X-Factor Gets It’s Own Algerian Muslim


Bookmark and Share

X-Factor #217 CoverAs if taunting right wing over-reactors, writer Peter David highlighted character Monet is a Muslim of Algerian descent.  In Marvel‘s X-Factor, New York City Mayor J. Jonah Jameson and members of X-Factor including Monet, Guido and Siryn deal with protesters who resemble last year’s “Ground Zero” protests.

David dares the venomous internet hate to be turned his way, by depicting the crowd as all white.  Their statements include these gems:

America for Americans.

We need to protect our borders.

We don’t need more Muslim terrorists getting in here.

Yeah!  They’re as bad as mutants!

X-Factor #217

That’s just some of the quotes in one panel alone.  Didn’t Marvel learn their lesson with depicting the Tea Party and white people?  To those hate tinged statements, mutant Monet responds with a bold declaration:

Oh, really? I’m a Muslim and a mutant…

And in a simple few pages the allegory of mutant plight shifted to speak for current tensions with Muslims here in America.  The “X” line of comics has traditionally been a great narrative of civil right and racial issues in the United States.

From it’s earliest days, it could easily be pigeonholed into being nothing more but a comic book version of the civil rights struggles that were being fought when the X-men first debuted in 1963.  With factions representing Malcolm X and Martin Luther King Jr it was easy to see there was more to this comic book series.  In the 80’s the focus turned to gay rights, with some mutants revealing they were gay and in one story line AIDS was discussed as a plague ravaged that community.

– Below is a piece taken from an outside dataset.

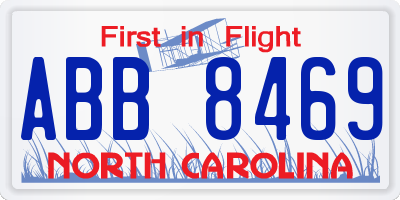 NC license plate ABB8469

But today, David has shifted the focus to modern hate, that of Muslims.  He lays it right out there with these two statements by protesters:

All mutants want to take over the world.

and

And Muslims, too. It’s right in your sacred texts. You guys are at war with Christianity. And your mosques are really secret terrorist training camps.

Monet doesn’t respond with the best rebutal, that comes from white Mayor J. Jonah Jameson (the same guy who used to torture Spider-Man and run the Daily Bugle):

Funny thing: I keep hearing that from the far ends of the both sides: ‘We want our country back.’ Where’d it go? If neither side has it, then who took it? Guess what? I did.

Me and my big white ancestors. We came rolling in and took it from the people who were here in the first place. And right after we did that, we kidnapped people from Africa to help us build it. And now we’re all worried that karma’s coming back to bite us on the keister. So we got to fight back because otherwise a hundred years from now, we might be the ones living in reservations and dying a small pox.

We can do that. Keep everyone we’re afraid of out. Send intruders back where they came from, or maybe put ‘em in camps like World War II, ’cause we’re afraid they’re terrorists. Or maybe… And it’s a crazy idea, I know… Maybe we can stop treating everybody like they’re the damned enemy.

And there we have it, Peter David has a clear message for the white haters who have raged before.  As Andrew Belonsky at Death and Taxes points out:

Writer Peter David’s message starts to become clear: bigotry, real or imagined, toward Muslims or mutants, goes against the American grain, and treating “different” people like the enemy does the nation no favors.

It was an Algerian Muslim who launched the last round of protests from the right when one was made a Batman over at DC Comics.  Peter David seems to continue to dare society with this latest plot twist.  His writing has been very gay friendly, which has lead to honors from GLAAD for his portayal.

But, the question remains, will the right throw a hissy-fit like they did over Batman/Nightrunner?  If they do, they defeat their original claims their issue was with an unrealistic portrayal of Algerians and French.  But, likely this great series will fly under the radar of the hatemongers.

No matter what, David pushes the envelope, and has drawn a line in the sand.  He’s daring the right to respond, and we’ll see if they take up his clear challenge.